### YOUR GOAL
Restate exactly the lines below, from the one containing "HYUNDAI IONIQ 5 Exposé-Bild 37" through the final line, and leave out the pictures.

[Scraped caption text data]
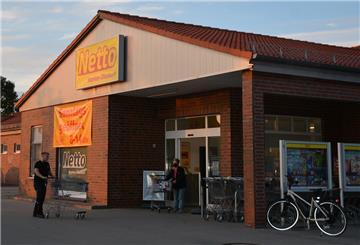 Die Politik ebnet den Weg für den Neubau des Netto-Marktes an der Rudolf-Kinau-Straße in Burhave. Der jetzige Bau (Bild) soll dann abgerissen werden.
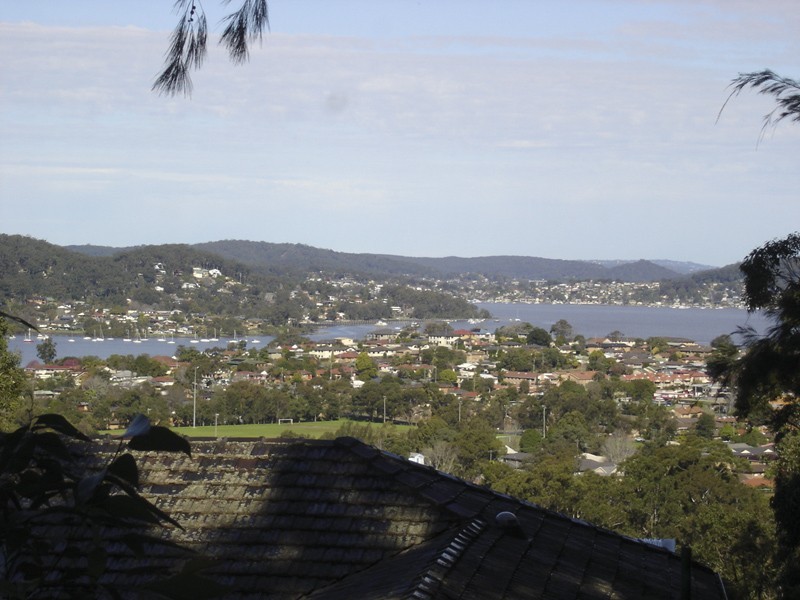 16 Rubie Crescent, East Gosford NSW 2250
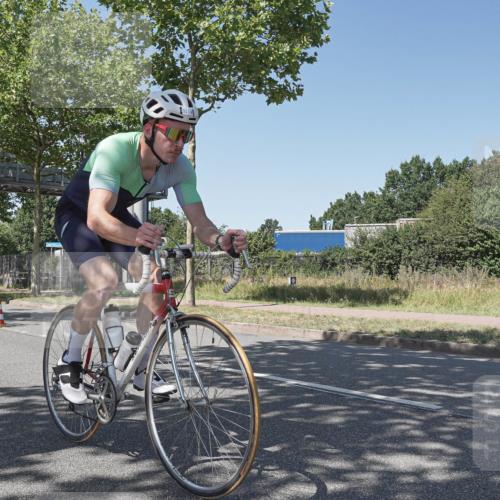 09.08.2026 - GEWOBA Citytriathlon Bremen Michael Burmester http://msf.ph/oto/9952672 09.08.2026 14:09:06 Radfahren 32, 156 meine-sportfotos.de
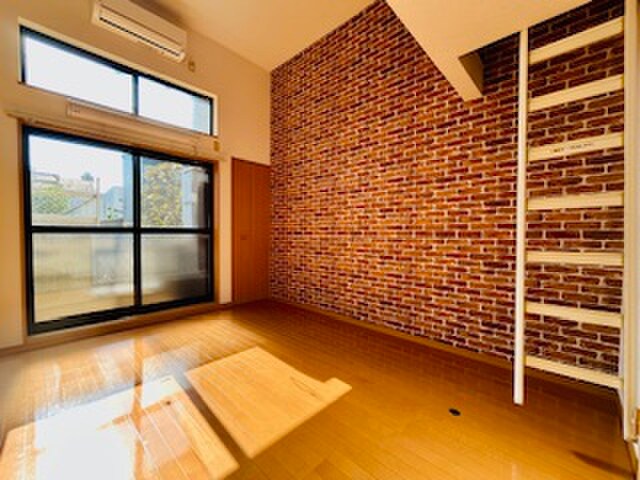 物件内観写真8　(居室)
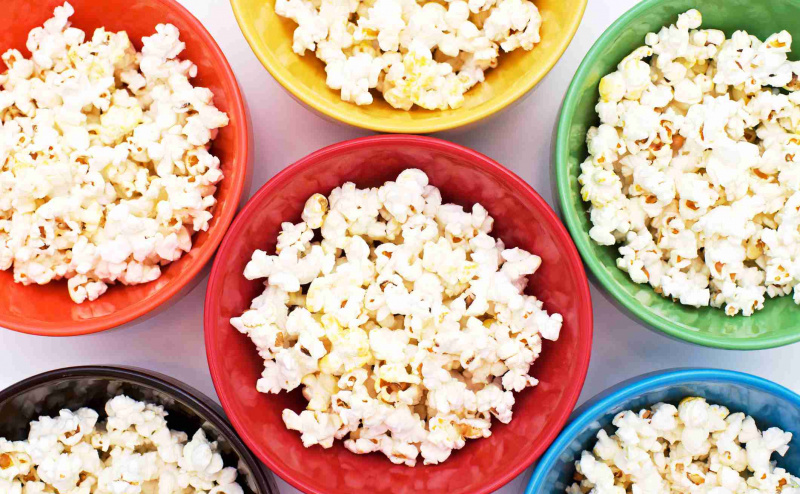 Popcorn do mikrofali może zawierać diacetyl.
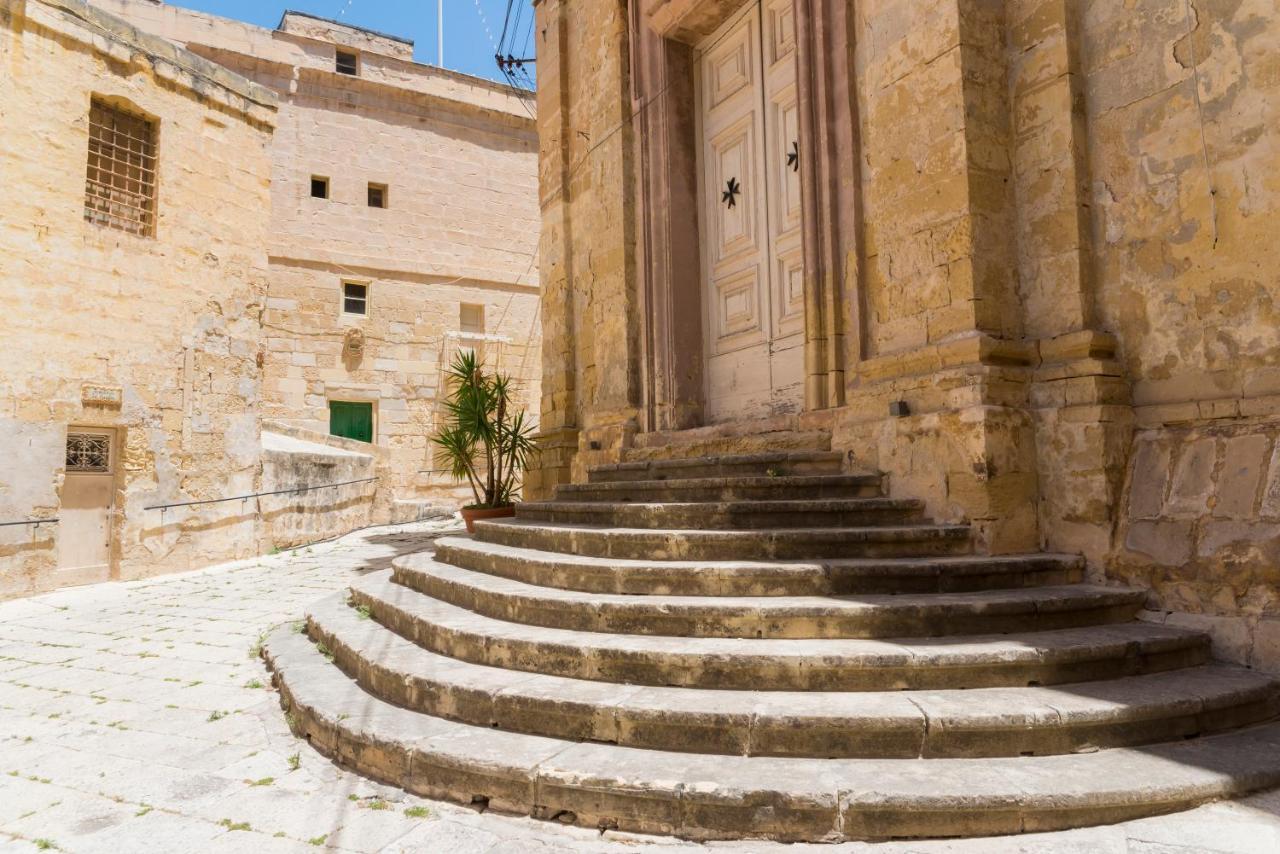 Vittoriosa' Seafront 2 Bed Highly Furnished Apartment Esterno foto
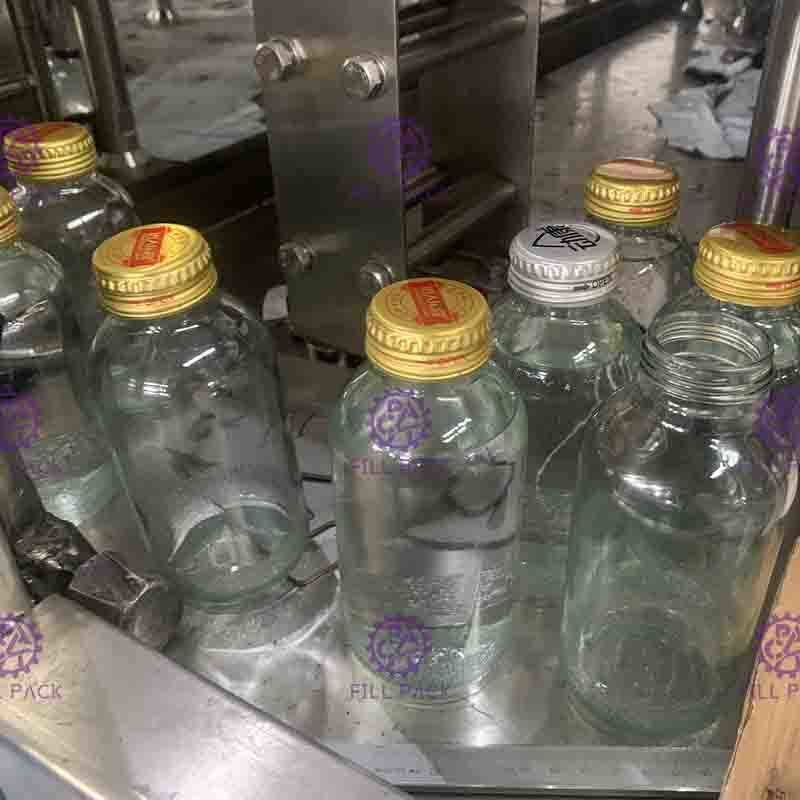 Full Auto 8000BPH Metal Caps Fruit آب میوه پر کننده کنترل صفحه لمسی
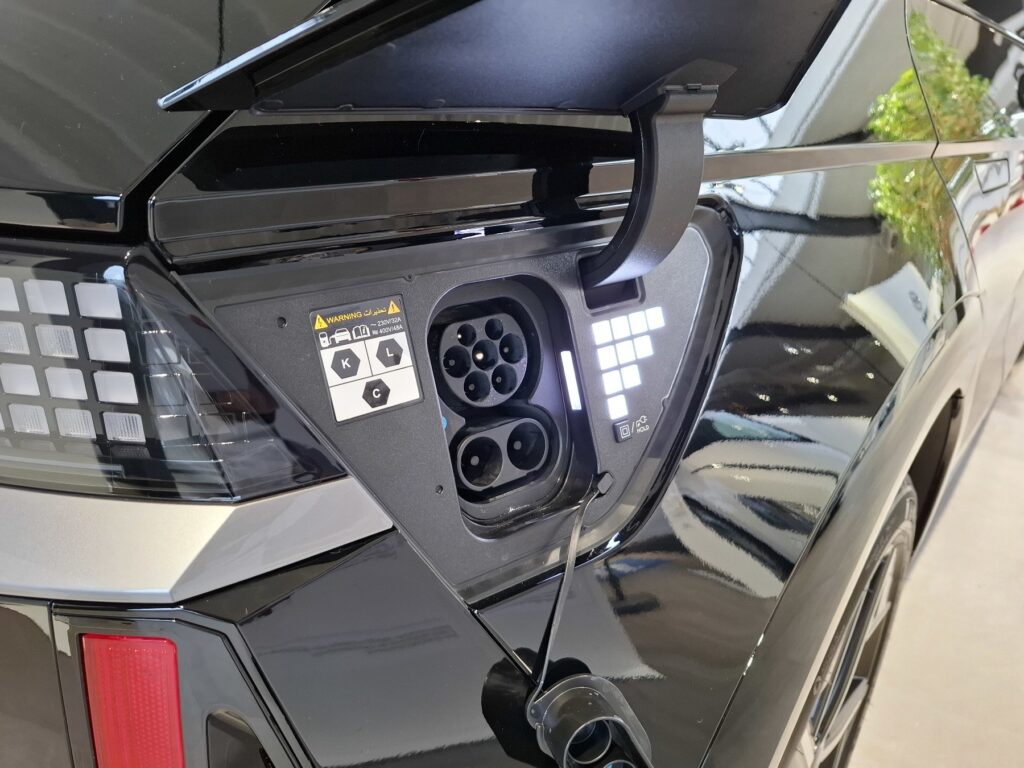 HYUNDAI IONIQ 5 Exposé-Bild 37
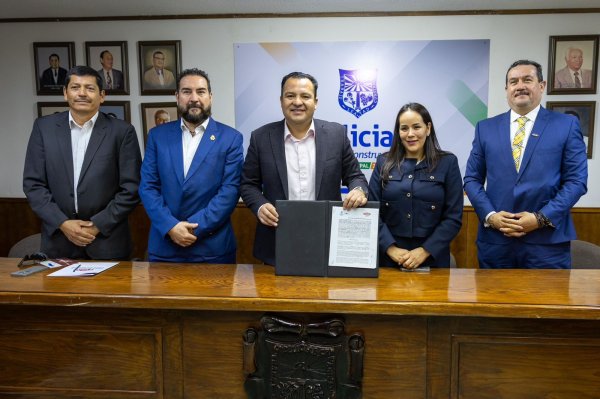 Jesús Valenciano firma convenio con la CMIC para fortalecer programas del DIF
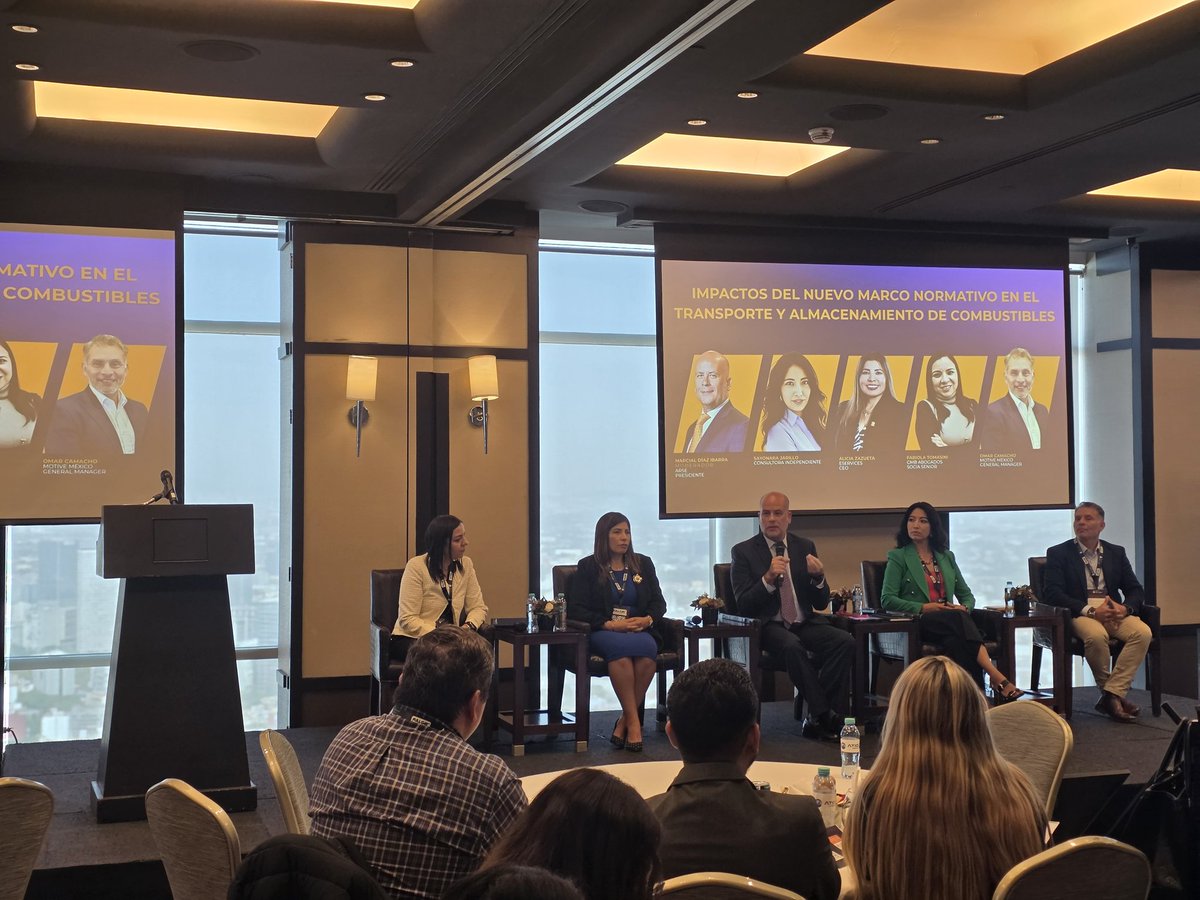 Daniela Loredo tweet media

### RESULT OF THE TASK
 HYUNDAI IONIQ 5 Exposé-Bild 37
 Jesús Valenciano firma convenio con la CMIC para fortalecer programas del DIF
 Daniela Loredo tweet media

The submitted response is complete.